Abstract Background: Esophageal carcinoma is the seventh most common cause of cancer-related death in the Western world and the incidence is increasing. The signal transduction system of epidermal growth factor receptor (EGFR) is of major importance for tumor growth in several types of malignancies and EGFR-targeted therapy has been shown to able to regulate tumor growth. Leucine-rich repeats and immunoglobulin-like domain protein 1 (LRIG1) is an endogenous negative regulator of EGFR signaling. The functions of LRIG2 and −3 are at present not known, however, it has been postulated that they might also be involved in the regulation of growth factor signaling and tumor growth. In the present study, we investigated the clinical implications of the expression of EGFR and LRIG1–3 in esophageal carcinoma as well as the correlation between their expression levels and the chemosensitivity of esophageal carcinoma cell lines. Patients and Methods: A total of 86 patients diagnosed with esophageal carcinoma were included in the study and their tumors were investigated for the expression of EGFR and LRIG proteins by immunohistochemistry. Further, a total of nine esophageal carcinoma cell lines were investigated for their expression of EGFR, LRIG1, −2 and −3 by quantitative RT-PCR and for their sensitivity to commonly used chemotherapeutics by a cytotoxicity assay. Results: Survival analysis using Kaplan-Meir analysis showed that the staining intensities of EGFR and LRIG2 were significantly associated with short survival (p=0.025 and p=0.03, respectively), whereas the extent of staining of LRIG1 was associated with long survival (p= 0.045). Chemosensitivity studies demonstrated a significant correlation between LRIG1 expression levels and sensitivity to cisplatin (r=−0.74), docetaxel (r=−0.69) and vinorelbine (r=−0.82) in the investigated esophageal carcinoma cell lines.
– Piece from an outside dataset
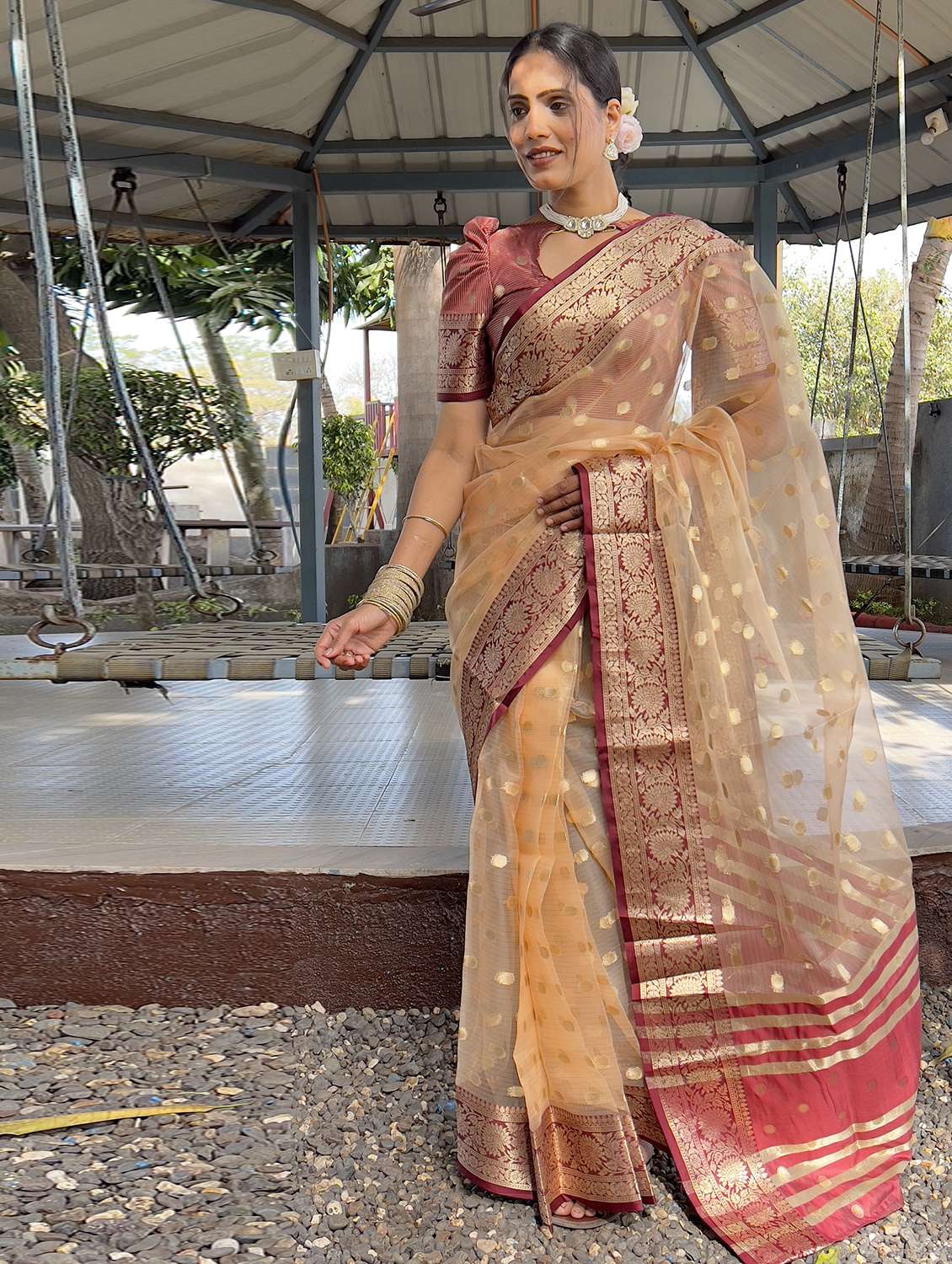 women self design bordered saree with blouse - 22041609 - Standard Image - 3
Conclusion: In the present study, the expression of EGFR and LRIG2 correlated negatively, whereas LRIG1 correlated positively, with survival of the esophageal carcinoma patients. Furthermore, a correlation between LRIG1 expression and chemosensitivity was observed, indicating a possible role in chemoresistance. The functions of LRIG1 and −2 and their connection with EGFR warrants further investigation. Citation Information: Mol Cancer Ther 2009;8(12 Suppl):A42.